**Problem details:**
Would you repeat every line below exactly, please?
+---+
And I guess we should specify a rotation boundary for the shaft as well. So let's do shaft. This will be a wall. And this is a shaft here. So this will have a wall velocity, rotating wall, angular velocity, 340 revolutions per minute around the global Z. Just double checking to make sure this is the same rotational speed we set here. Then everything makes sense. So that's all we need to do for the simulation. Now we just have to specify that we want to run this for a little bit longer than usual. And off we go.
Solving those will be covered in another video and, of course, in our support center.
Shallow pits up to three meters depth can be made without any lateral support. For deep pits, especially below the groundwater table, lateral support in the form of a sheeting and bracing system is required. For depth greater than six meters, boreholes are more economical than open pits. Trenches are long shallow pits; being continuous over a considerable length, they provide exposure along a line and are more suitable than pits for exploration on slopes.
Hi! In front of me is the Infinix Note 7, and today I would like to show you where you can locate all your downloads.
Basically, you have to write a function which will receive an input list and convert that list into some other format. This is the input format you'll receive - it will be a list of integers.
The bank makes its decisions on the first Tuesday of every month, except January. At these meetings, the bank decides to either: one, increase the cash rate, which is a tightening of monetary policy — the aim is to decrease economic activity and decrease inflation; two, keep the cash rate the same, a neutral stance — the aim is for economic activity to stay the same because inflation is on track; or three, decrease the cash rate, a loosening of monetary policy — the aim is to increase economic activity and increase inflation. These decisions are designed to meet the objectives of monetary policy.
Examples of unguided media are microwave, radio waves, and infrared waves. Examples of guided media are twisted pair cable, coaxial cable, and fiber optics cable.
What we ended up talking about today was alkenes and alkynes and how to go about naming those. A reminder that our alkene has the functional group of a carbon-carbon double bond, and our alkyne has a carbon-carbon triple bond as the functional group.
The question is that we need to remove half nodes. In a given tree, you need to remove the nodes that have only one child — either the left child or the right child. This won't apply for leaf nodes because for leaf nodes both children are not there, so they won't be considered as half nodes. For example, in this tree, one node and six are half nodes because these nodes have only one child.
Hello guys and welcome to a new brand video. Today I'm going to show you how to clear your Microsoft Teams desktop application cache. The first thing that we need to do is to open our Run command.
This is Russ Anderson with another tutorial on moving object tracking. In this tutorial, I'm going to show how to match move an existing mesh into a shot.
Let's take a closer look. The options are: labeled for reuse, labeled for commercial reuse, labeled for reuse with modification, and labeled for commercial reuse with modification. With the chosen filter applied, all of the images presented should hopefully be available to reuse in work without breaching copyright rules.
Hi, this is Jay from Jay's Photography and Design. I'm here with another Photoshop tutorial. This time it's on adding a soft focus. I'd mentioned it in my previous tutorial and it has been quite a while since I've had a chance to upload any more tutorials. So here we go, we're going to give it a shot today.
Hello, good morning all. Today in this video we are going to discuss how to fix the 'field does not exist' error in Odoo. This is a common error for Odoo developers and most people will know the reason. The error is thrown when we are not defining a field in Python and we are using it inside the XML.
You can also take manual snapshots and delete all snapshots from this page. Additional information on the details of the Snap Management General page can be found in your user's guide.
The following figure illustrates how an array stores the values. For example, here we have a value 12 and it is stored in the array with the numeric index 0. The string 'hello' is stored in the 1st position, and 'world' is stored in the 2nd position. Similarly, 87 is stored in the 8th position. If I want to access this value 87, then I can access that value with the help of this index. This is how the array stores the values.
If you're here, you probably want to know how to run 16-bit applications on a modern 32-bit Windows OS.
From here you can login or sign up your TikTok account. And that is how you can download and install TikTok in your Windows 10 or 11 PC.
+---+
**Answer to the exercise:**
And I guess we should specify a rotation boundary for the shaft as well. So let's do shaft. This will be a wall. And this is a shaft here. So this will have a wall velocity, rotating wall, angular velocity, 340 revolutions per minute around the global Z. Just double checking to make sure this is the same rotational speed we set here. Then everything makes sense. So that's all we need to do for the simulation. Now we just have to specify that we want to run this for a little bit longer than usual. And off we go.
Solving those will be covered in another video and, of course, in our support center.
Shallow pits up to three meters depth can be made without any lateral support. For deep pits, especially below the groundwater table, lateral support in the form of a sheeting and bracing system is required. For depth greater than six meters, boreholes are more economical than open pits. Trenches are long shallow pits; being continuous over a considerable length, they provide exposure along a line and are more suitable than pits for exploration on slopes.
Hi! In front of me is the Infinix Note 7, and today I would like to show you where you can locate all your downloads.
Basically, you have to write a function which will receive an input list and convert that list into some other format. This is the input format you'll receive - it will be a list of integers.
The bank makes its decisions on the first Tuesday of every month, except January. At these meetings, the bank decides to either: one, increase the cash rate, which is a tightening of monetary policy — the aim is to decrease economic activity and decrease inflation; two, keep the cash rate the same, a neutral stance — the aim is for economic activity to stay the same because inflation is on track; or three, decrease the cash rate, a loosening of monetary policy — the aim is to increase economic activity and increase inflation. These decisions are designed to meet the objectives of monetary policy.
Examples of unguided media are microwave, radio waves, and infrared waves. Examples of guided media are twisted pair cable, coaxial cable, and fiber optics cable.
What we ended up talking about today was alkenes and alkynes and how to go about naming those. A reminder that our alkene has the functional group of a carbon-carbon double bond, and our alkyne has a carbon-carbon triple bond as the functional group.
The question is that we need to remove half nodes. In a given tree, you need to remove the nodes that have only one child — either the left child or the right child. This won't apply for leaf nodes because for leaf nodes both children are not there, so they won't be considered as half nodes. For example, in this tree, one node and six are half nodes because these nodes have only one child.
Hello guys and welcome to a new brand video. Today I'm going to show you how to clear your Microsoft Teams desktop application cache. The first thing that we need to do is to open our Run command.
This is Russ Anderson with another tutorial on moving object tracking. In this tutorial, I'm going to show how to match move an existing mesh into a shot.
Let's take a closer look. The options are: labeled for reuse, labeled for commercial reuse, labeled for reuse with modification, and labeled for commercial reuse with modification. With the chosen filter applied, all of the images presented should hopefully be available to reuse in work without breaching copyright rules.
Hi, this is Jay from Jay's Photography and Design. I'm here with another Photoshop tutorial. This time it's on adding a soft focus. I'd mentioned it in my previous tutorial and it has been quite a while since I've had a chance to upload any more tutorials. So here we go, we're going to give it a shot today.
Hello, good morning all. Today in this video we are going to discuss how to fix the 'field does not exist' error in Odoo. This is a common error for Odoo developers and most people will know the reason. The error is thrown when we are not defining a field in Python and we are using it inside the XML.
You can also take manual snapshots and delete all snapshots from this page. Additional information on the details of the Snap Management General page can be found in your user's guide.
The following figure illustrates how an array stores the values. For example, here we have a value 12 and it is stored in the array with the numeric index 0. The string 'hello' is stored in the 1st position, and 'world' is stored in the 2nd position. Similarly, 87 is stored in the 8th position. If I want to access this value 87, then I can access that value with the help of this index. This is how the array stores the values.
If you're here, you probably want to know how to run 16-bit applications on a modern 32-bit Windows OS.
From here you can login or sign up your TikTok account. And that is how you can download and install TikTok in your Windows 10 or 11 PC.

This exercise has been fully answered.